Displacement Concerns

Out of about a million residents living in the packed 2.2 square kilometer area, a minority will be qualified for new homes in the redevelopment, which is expected to take an extended timeframe to finish. Additional residents will be moved to barren areas and coastal regions on the distant periphery of the city, threatening to fragment a generations-old community. Some will receive no residences at all.

Those allowed to stay in the neighborhood will be given flats in high-rise buildings, a substantial change from the organic, communal way of living and working that has sustained Dharavi for generations.

Industries from garment work to clay work and material recovery are projected to reduce in scale and be transferred to a designated "business area" far from people's residences.

Survival Challenge

In the case of the leather artisan, a workshop owner and multi-generational resident to live in this community, the project presents a survival challenge. His informal, three-floor operation creates leather coats – sharp blazers, luxury coats, studded bomber jackets – sold in luxury boutiques in south Mumbai and abroad.

His family dwells in the spaces underneath and employees and tailors – laborers from different regions – live there, permitting him to sustain operations. Beyond the slum, accommodation prices are frequently 10 times more expensive for basic accommodation.

Threats and Warning

At the administrative buildings close by, a conceptual model of the Dharavi project shows a contrasting perspective. Well-groomed people gather on cycles and electric vehicles, acquiring continental baguettes and pastries and enlisting beverages on a terrace adjacent to a restaurant and Ice-Cream. This represents a complete departure from the inexpensive idli sambar first meal and 5-rupee chai that maintains the neighborhood.

"This isn't development for us," states Shaikh. "It's a massive property transaction that will make it unaffordable for our community to continue."
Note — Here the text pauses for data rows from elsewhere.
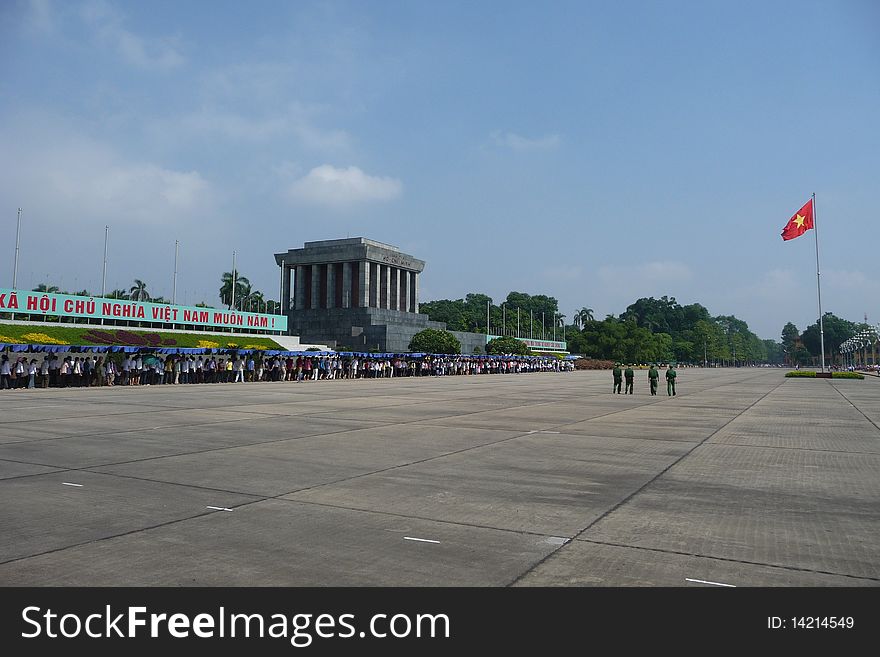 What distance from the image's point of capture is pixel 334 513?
7180mm

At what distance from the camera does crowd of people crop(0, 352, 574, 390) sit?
31.5m

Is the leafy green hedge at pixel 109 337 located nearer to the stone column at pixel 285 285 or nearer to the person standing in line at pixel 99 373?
the person standing in line at pixel 99 373

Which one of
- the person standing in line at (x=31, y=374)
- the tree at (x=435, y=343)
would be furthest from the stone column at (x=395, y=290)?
the person standing in line at (x=31, y=374)

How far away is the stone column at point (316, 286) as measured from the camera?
348 feet

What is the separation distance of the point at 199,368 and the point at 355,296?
64127mm

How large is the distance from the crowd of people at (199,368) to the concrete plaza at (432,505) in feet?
56.9

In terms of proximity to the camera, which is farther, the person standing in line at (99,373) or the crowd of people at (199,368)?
the person standing in line at (99,373)

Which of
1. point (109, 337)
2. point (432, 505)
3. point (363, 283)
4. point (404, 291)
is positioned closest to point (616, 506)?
point (432, 505)

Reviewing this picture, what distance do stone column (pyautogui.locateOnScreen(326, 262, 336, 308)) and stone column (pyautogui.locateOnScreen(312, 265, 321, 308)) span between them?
7.39 ft

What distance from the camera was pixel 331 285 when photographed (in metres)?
106

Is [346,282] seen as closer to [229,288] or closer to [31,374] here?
[229,288]

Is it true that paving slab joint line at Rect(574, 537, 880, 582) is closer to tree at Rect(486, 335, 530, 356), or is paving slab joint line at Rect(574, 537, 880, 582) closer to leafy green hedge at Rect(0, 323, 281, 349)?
leafy green hedge at Rect(0, 323, 281, 349)

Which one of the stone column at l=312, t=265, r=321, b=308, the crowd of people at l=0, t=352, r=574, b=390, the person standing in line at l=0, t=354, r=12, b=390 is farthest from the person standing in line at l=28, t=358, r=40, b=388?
the stone column at l=312, t=265, r=321, b=308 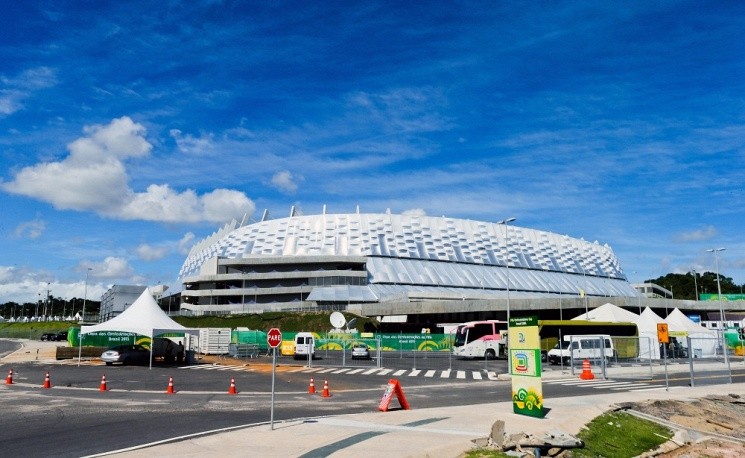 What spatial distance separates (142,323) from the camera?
39125mm

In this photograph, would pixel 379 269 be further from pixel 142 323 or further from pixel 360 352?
pixel 142 323

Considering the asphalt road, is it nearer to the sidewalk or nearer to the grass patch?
the sidewalk

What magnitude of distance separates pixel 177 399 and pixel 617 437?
1488 centimetres

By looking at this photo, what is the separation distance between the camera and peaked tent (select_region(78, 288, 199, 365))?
126 feet

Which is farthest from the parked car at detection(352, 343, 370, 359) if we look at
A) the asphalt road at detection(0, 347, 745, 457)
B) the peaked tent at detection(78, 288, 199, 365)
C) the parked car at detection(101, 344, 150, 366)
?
the parked car at detection(101, 344, 150, 366)

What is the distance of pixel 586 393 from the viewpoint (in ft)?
81.9

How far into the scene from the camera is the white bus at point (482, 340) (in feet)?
168

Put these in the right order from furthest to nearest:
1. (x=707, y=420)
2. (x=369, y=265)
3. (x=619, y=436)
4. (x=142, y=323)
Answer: (x=369, y=265), (x=142, y=323), (x=707, y=420), (x=619, y=436)

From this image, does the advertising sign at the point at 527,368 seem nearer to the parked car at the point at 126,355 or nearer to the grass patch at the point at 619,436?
the grass patch at the point at 619,436

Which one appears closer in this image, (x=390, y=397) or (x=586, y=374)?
(x=390, y=397)

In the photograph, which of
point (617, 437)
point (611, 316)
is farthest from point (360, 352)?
point (617, 437)

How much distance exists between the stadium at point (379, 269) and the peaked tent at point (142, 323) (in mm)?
57175

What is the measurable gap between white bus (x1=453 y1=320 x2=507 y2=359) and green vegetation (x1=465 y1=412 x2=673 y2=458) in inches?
1283

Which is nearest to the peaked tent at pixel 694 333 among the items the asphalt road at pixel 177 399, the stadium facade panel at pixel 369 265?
the asphalt road at pixel 177 399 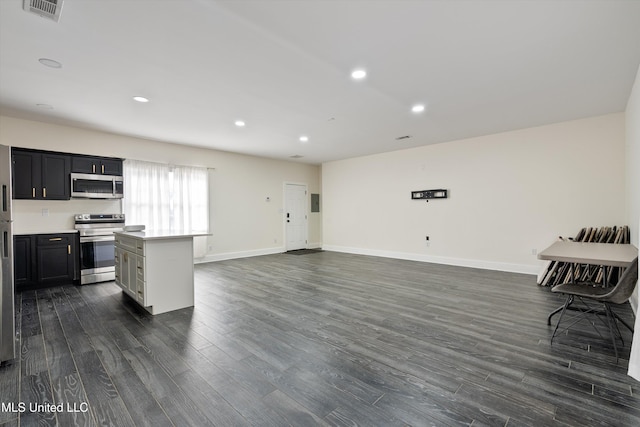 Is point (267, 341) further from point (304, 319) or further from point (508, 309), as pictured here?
point (508, 309)

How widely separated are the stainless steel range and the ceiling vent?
3835 mm

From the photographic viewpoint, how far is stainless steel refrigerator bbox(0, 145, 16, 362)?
7.36ft

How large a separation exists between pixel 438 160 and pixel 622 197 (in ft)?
10.1

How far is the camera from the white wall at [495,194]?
4.69 m

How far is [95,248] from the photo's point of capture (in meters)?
4.90

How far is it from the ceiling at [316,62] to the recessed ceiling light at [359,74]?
0.31 ft

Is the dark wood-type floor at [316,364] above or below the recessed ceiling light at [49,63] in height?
below

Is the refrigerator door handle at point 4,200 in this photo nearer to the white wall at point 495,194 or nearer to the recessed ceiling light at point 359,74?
the recessed ceiling light at point 359,74

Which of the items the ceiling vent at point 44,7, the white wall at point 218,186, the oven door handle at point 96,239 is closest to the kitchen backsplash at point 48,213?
the white wall at point 218,186

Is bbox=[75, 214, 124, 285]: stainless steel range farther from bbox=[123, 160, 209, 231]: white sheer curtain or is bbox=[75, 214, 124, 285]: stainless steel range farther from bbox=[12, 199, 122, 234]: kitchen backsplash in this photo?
bbox=[123, 160, 209, 231]: white sheer curtain

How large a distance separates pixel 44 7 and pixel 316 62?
2.16 m

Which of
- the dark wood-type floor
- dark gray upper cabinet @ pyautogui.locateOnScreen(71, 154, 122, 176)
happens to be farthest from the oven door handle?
dark gray upper cabinet @ pyautogui.locateOnScreen(71, 154, 122, 176)

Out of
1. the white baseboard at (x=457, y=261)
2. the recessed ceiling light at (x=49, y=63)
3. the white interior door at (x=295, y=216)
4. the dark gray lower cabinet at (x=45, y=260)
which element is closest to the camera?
the recessed ceiling light at (x=49, y=63)

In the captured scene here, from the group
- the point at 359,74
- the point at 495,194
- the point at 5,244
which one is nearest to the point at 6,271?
the point at 5,244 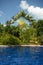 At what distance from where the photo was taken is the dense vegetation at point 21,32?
16.6 meters

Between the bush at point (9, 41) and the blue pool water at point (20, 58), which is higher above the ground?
the bush at point (9, 41)

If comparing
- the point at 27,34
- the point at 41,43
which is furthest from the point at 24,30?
the point at 41,43

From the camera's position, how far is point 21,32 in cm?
1809

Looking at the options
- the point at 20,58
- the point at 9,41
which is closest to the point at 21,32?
the point at 9,41

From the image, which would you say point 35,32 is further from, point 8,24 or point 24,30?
point 8,24

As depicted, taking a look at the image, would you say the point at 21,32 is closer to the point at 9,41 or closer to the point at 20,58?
the point at 9,41

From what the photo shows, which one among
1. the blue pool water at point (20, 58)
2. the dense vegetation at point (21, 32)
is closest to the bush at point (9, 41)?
the dense vegetation at point (21, 32)

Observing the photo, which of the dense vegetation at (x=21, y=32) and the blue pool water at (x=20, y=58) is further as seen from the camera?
the dense vegetation at (x=21, y=32)

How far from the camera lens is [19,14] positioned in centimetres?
1819

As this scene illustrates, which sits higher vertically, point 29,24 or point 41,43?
point 29,24

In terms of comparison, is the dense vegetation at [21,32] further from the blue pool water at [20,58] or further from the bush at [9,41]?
the blue pool water at [20,58]

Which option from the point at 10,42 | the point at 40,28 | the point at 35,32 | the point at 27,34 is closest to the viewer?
Result: the point at 10,42

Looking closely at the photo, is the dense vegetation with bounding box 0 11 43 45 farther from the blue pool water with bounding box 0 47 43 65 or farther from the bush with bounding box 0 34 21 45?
the blue pool water with bounding box 0 47 43 65

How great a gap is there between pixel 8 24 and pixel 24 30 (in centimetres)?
198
Additionally, there exists distrust of the corporate group. Run by a prominent businessman – one of India's most powerful and a close ally of the national leader – the business group has encountered allegations of crony capitalism and ethical concerns, which it denies.

While the state government describes it as a collaborative effort, the developer paid a significant amount for its majority share. Legal proceedings alleging that the project was questionably assigned to the business group is under review in the top court.

Continued Intimidation

After they started to publicly resist the redevelopment, local opponents claim they have been faced a long-running campaign of coercion and warning – comprising messages, direct threats and insinuations that criticizing the development was tantamount to opposing national interests – by people they assert represent the developer.

Part of the group suspected of delivering warnings is {a retired police officer|a former law enforcement official|an ex-c

Amanda Young
Amanda Young

A seasoned gaming enthusiast with over a decade of experience in online casinos, specializing in slot machine analysis and player strategy.